Good article. Sound tracks that start playing when I havent asked for it is THE most irritating thing someone can put on there site, along with those videos that pop up and start playing, like a person telling you about the site.

I think the most important things are 1) Usability – easy navigation etc and 2) A good design, which IMO your site is actually missing.


Ozio Media March 11, 2011 at 8:12 am

You’ve provided your readers with great advice and hopefully they will use it in their copywriting or website design venture. Another point to consider is slow loading graphics, which most people find annoying. Not many people will stick around waiting for pictures and graphics to load, especially if they can not reach the information they are after. It’s always a good idea to constantly browse your own website and read it’s content to make sure everything is in working order.

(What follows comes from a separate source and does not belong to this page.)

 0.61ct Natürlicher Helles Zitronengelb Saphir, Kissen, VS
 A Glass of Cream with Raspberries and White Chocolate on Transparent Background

Lars March 11, 2011 at 4:24 pm

Ozio, thaks for your input. I agree about the slow graphics, really important to get right!


CodeMyConcept March 8, 2011 at 11:09 pm

I have to agree with 99% of your post. Well researched and explained. I do however have to point out a couple of “distracting, moving banners right here” and also we don’t have zip codes where I live either.

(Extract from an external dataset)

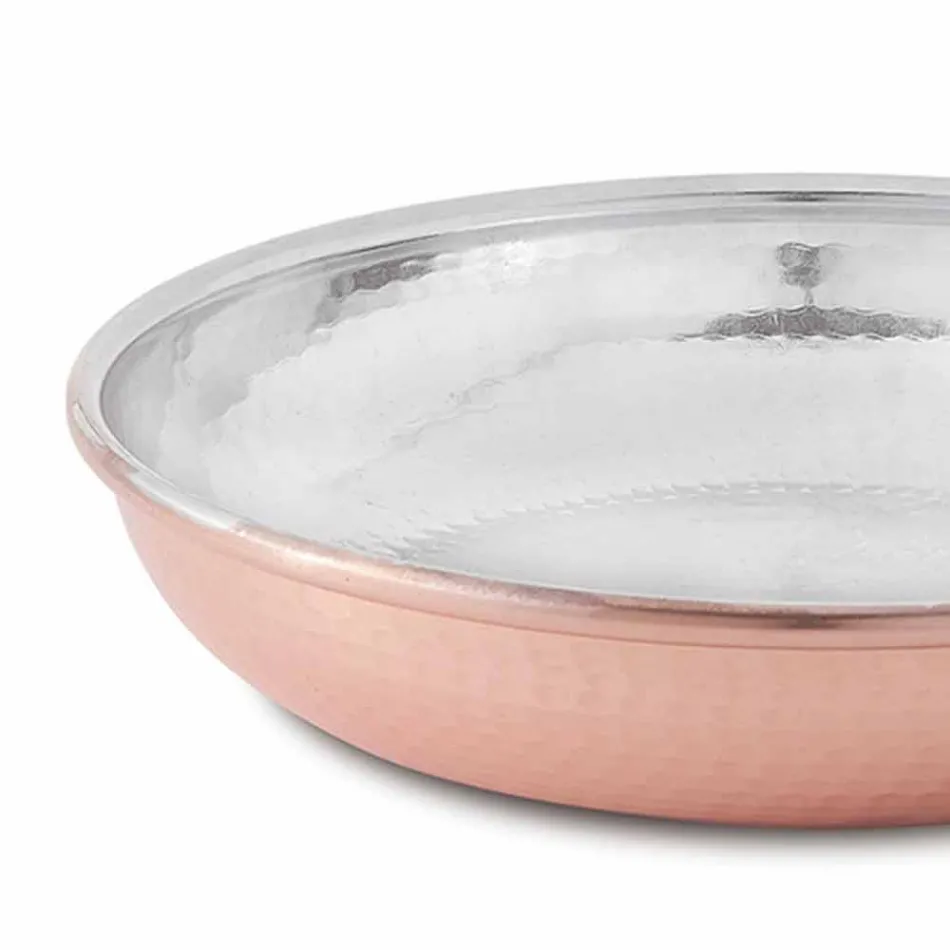 Rund stekpanna i hand konserverad koppar med handtag och lock 24 cm - Gianluigi Viadurini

Contact forms only are annoying, but even more annoying is when you click “Contact” and it takes you to Outlook or similar, not everyone uses those.

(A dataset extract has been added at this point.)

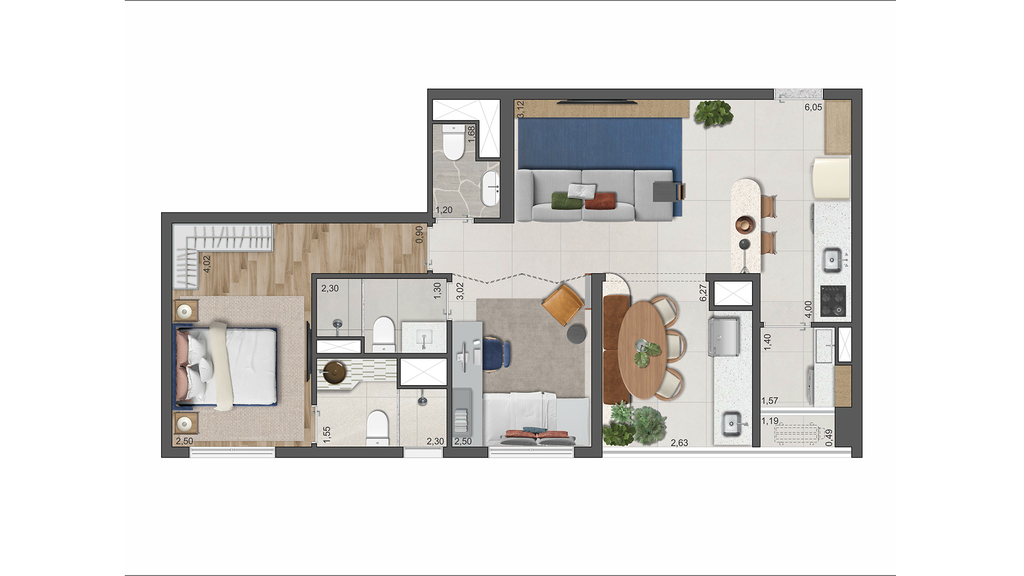 The Gardens Eleya: 1 dorm 72m² opção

Lars March 8, 2011 at 11:22 pm

Really good points thanks!


Kay Ross March 2, 2011 at 9:37 am

Thanks everyone for your comments.
@Mark – I’m certainly not saying that the tone/style has to be the same on every website. My point in the paragraph starting “And wait!” is that you have to understand your target market, and choose a style that suits them (even if it doesn’t suit everyone else) and communicates the personality of your brand. But even lawyers are human, with human emotions. So “informal” doesn’t mean writing in the style of Facebook status updates or text messages; it means writing the way you speak, in plain English (or French or whatever). I don’t think that way of communicating will ever “burn out”.
And yes, my original title included the phrase “Website Content That Grabs Attention and Increases Conversions”, but unfortunately we had to cut that because the whole title was too long.


Mark "Chief Alchemist" Simchock March 2, 2011 at 1:48 am

I like this list. For the most part I think it’s a good list and worth reading.

That said, I can’t help but wonder if these rules are tailored (and dummied down?) to writing to “everyone”, when in fact each brands’ customer sweet spot is different. Where does brand style, differentiation, and expectations – e.g., do I want my lawyer to be as informal as recommend here? – come in? Or go?

It would also help to separate the UX type stuff (e.g., no caps, contact page with proper details, etc.) from the actual tips on writing copy. Either that or change the headline to something about increasing conversions. My point being, the headline seems to be about Kay (knida?), not about me and what I got based on the expectation it set :)

Finally, maybe it’s just me but I’m growing a bit tired of the “keep it informal” recommendation that is obviously influenced by UGC. At some point the appeal of that style is going to burn out, or at least not be taken seriously, no? I mean when everything reads like a Facebook status update how is the brain going to know the wheat when it consumes it?


David Radovanovic February 28, 2011 at 10:14 pm

Nice lists. Now if I can put them to practice.


Lars February 28, 2011 at 10:49 pm

Thanks for your feedback David. I agree there are many and it will be quite a task to implement all in one go 😉


Deepetch February 28, 2011 at 2:48 pm

@Kay–Wow amazing words from you..All the designers has to follow the stuff which you have included..In this competitive world designers should be updated with happening and want to delivery wonderful work. That was great stuff…thanks for sharing.


Lars February 28, 2011 at 7:42 am

Kay, Thanks a lot for this article and for sharing your valuable experience in the copywriting space!